As seen in the sample Ngram Viewer study above, users can additionally use the data provided in the line graph to link particular peaks in ngram usage to significant historical events and/or cultural movements.  Using the name of one our nation’s more well-renowned leaders, “Abraham Lincoln,”  as an example, we can see that the initial spike in usage of his name in published works falls (predictably) within the period of his election, presidency, and duration of the Civil War.  Subsequent spikes occur in the years following World War I – a period of intense nationalism, during which Lincoln and other figures came to looked upon national heroes – and during the time surrounding the Civil Rights Movement, when associations with the Emancipation Proclamation and the ending of slavery in the U.S. were strongly linked to the mid-20th century struggle for racial equality.

While the arguments laid out by Michel and company highlighting the benefits of using the qualitative methods associated with culturomics in gaining fuller insight into traditionally humanist topics certainly make a strong  point, it is clear that the field still has a long way to go.  Glancing at the Culturomics FAQ page set up by the project’s participants,  one can see that there are still several kinks to be worked out with this particular method of study, particularly in relation to the quality of data.

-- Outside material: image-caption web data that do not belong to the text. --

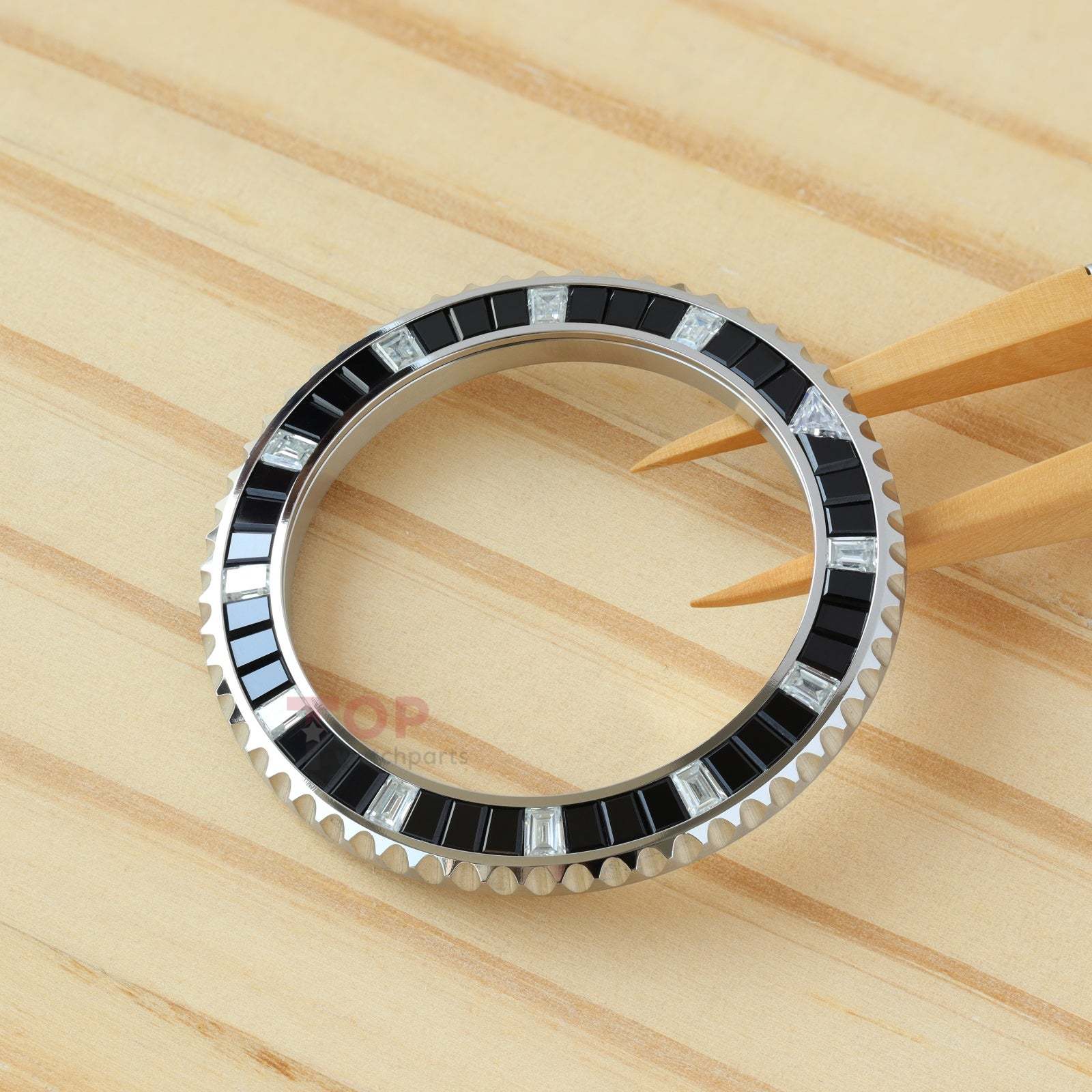 Black Onyx & Synthetic Moissanite Diamond Watch Bezel for Rolex Submariner 40/41mm Watch Gemstone Bezel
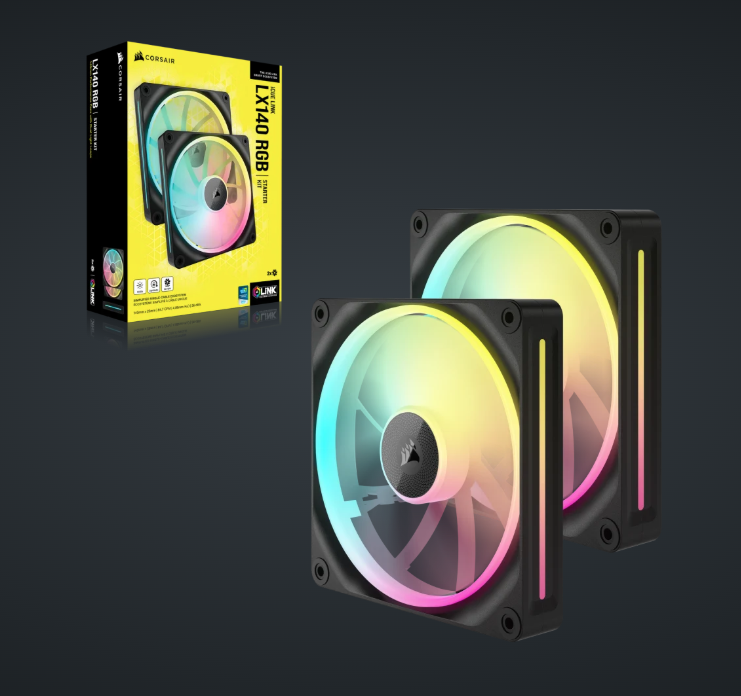 CORSAIR iCUE LINK LX140-R RGB 140mm PWM Fans Starter Kit (Twin Pack) ( BLACK / WHITE )
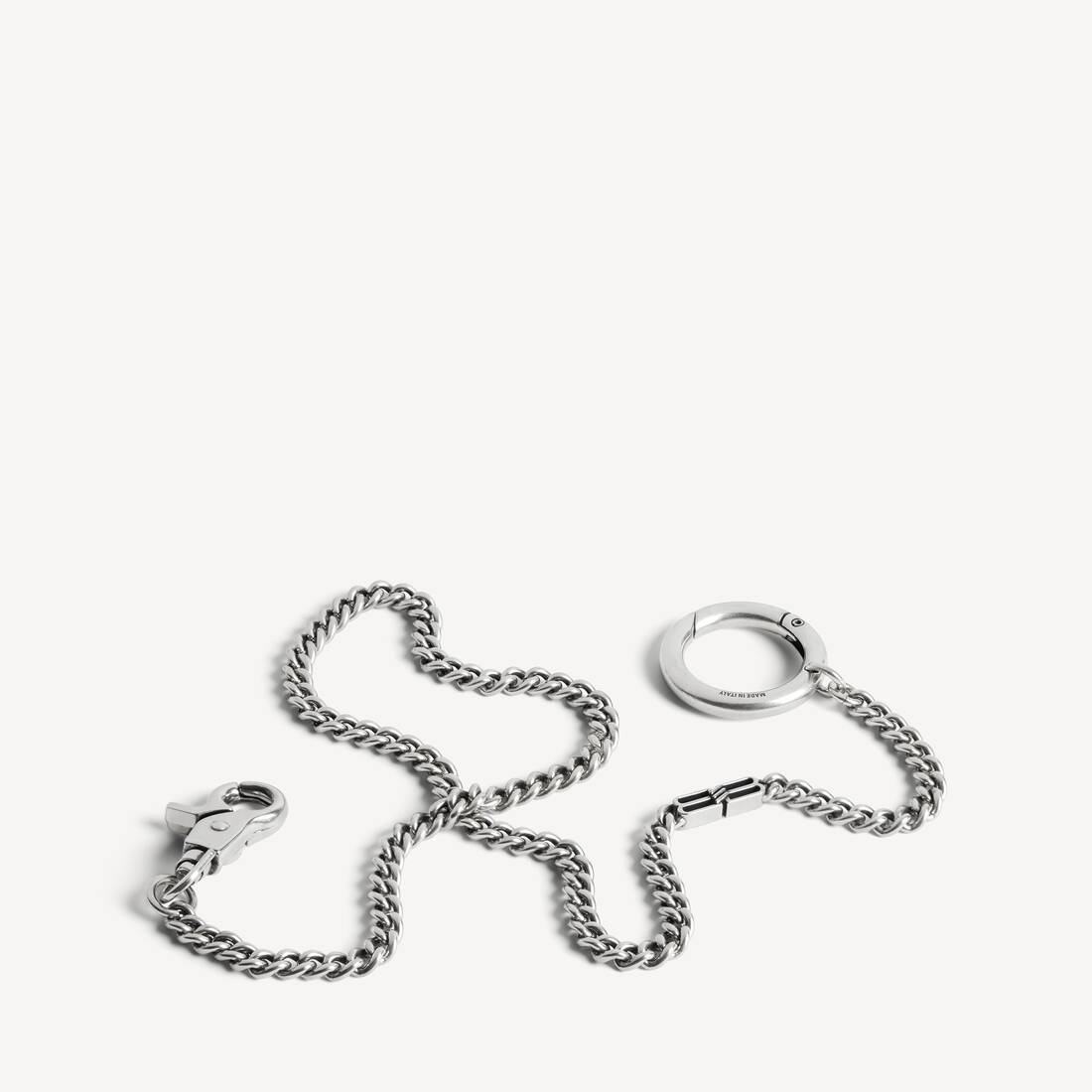 BALENCIAGA 남성 Bb 아이콘 바지 체인 앤틱 실버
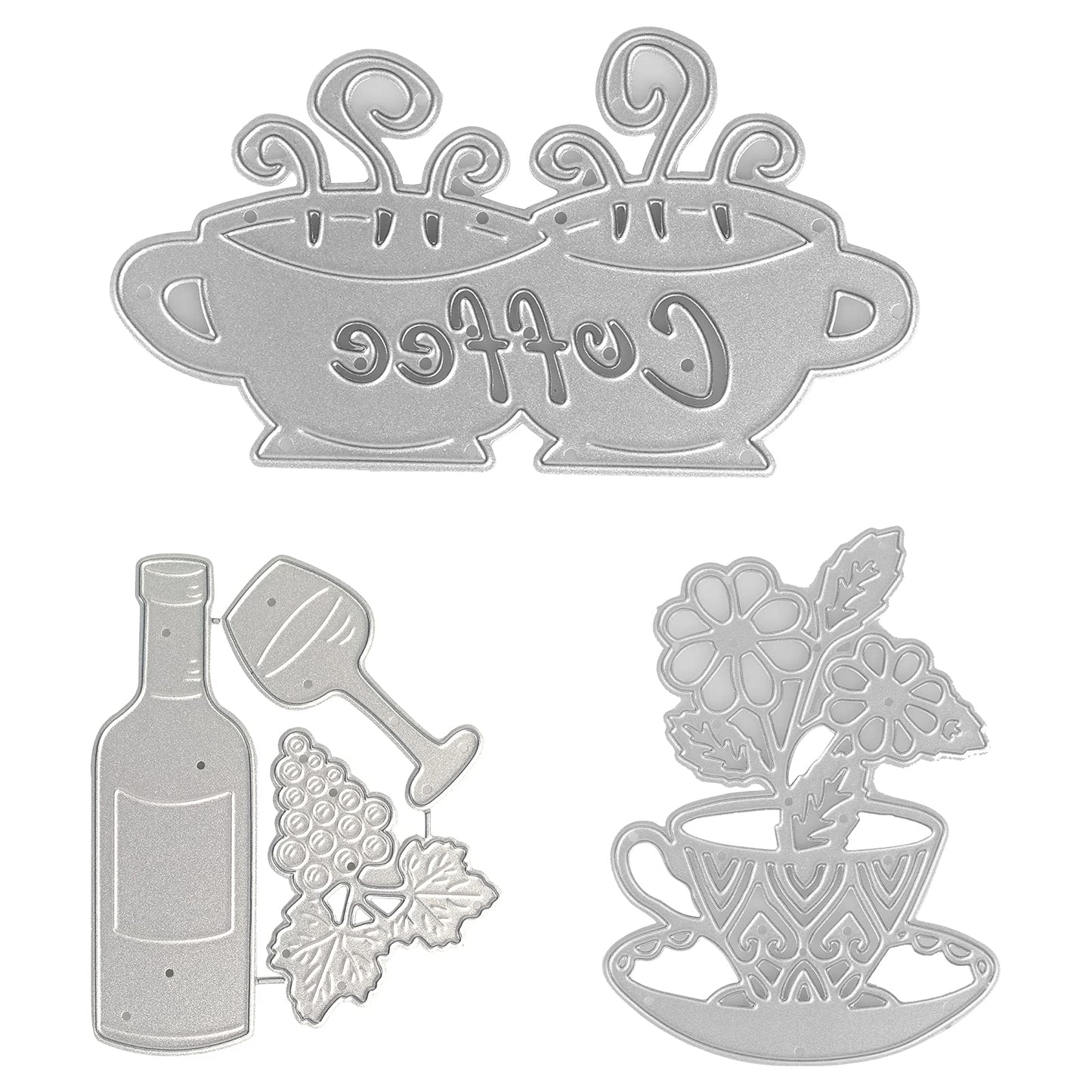 ASTER Die Cuts for Card Making Set, 3PCS Cup Flower Coffee Butterfly Metal Cutting Dies for DIY Scrapbooking Lace Border Edge Carbon Steel Embossing Template DIY Craft Paper Dies Card Making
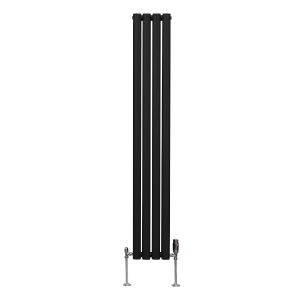 Radiador columna ovalada 1600 x 240mm &  válvulas cromadas trv| negro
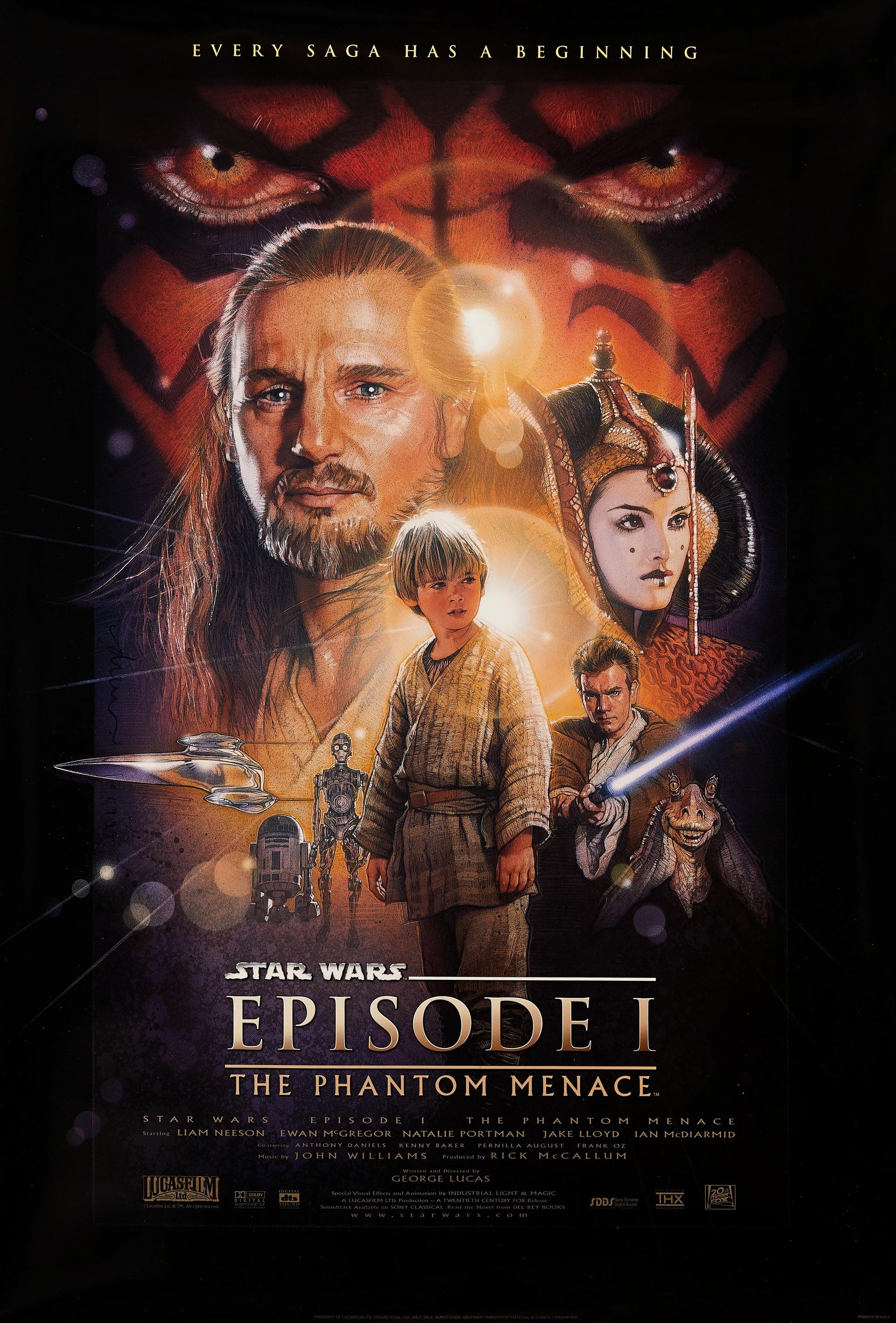 An original movie poster for the film The Phantom Menace, Star Wars Episode I / 1 with artwork by Drew Struzan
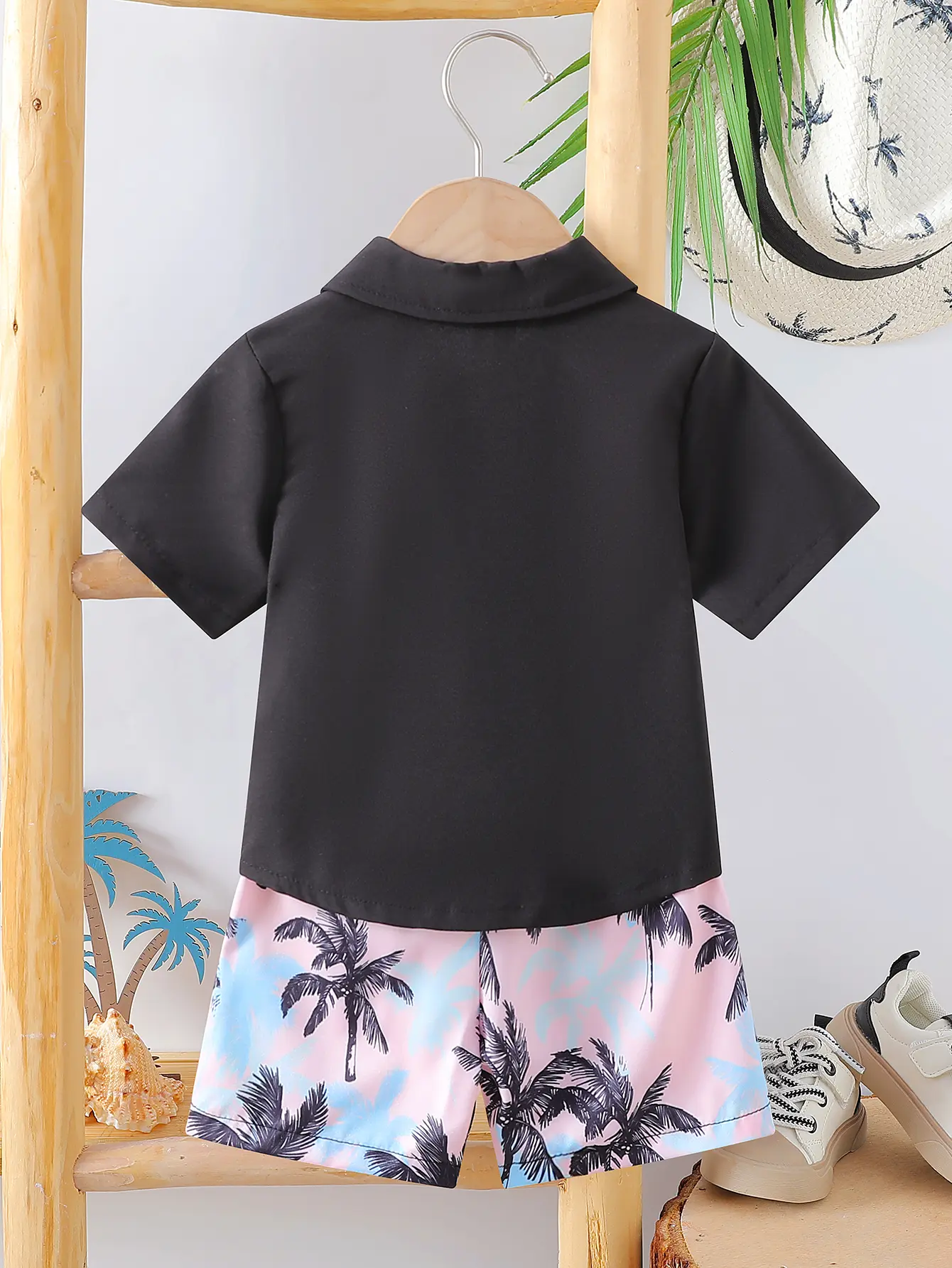 Infant Summer New Style Baby Boy’s Solid Short-Sleeve T-shirt and Shorts Holiday Casual 2-Piece Set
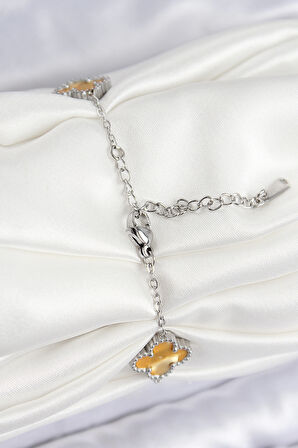 316L Çelik Sedefli Kehribar Sarı Gümüş Renk Yonca Kadın Bileklik - TJ-BB7676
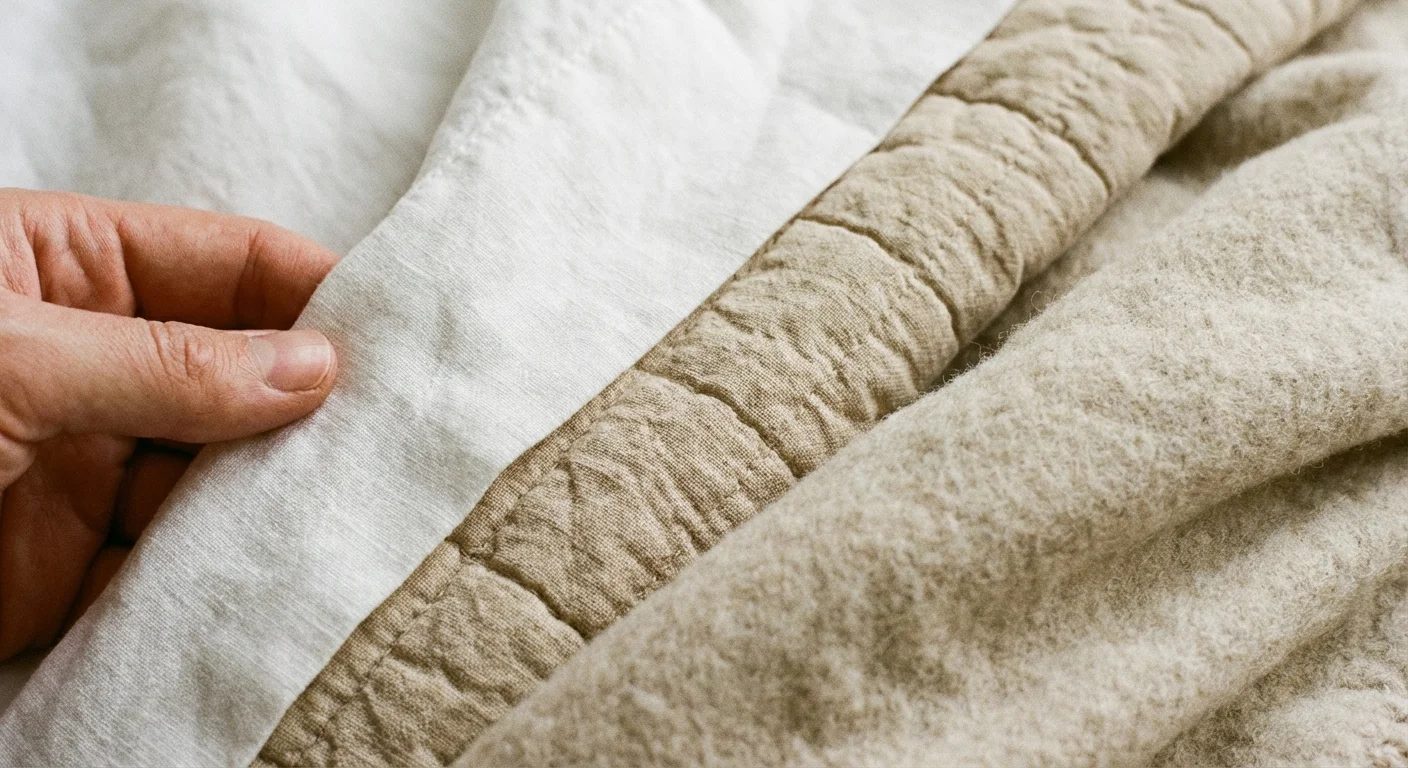 Detailed view of bed sheets, a quilt, and a duvet folded back to show different fabric textures.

Despite the undoubtedly large size of the Google Books corpus, the 5.2 million digitized works still only make up for around four percent of all published materials.  Similarly, the study focuses primarily on the years between 1800 and 2000 (despite the presence of materials dating as far back to the 16th century), since the data originating in those periods has proven most reliable.

Do these constraints undermine the quality of data produced by the Ngram Viewer? What can be done to widen these parameters? What should we as historians bear in mind while using the culturomic approach in our own work?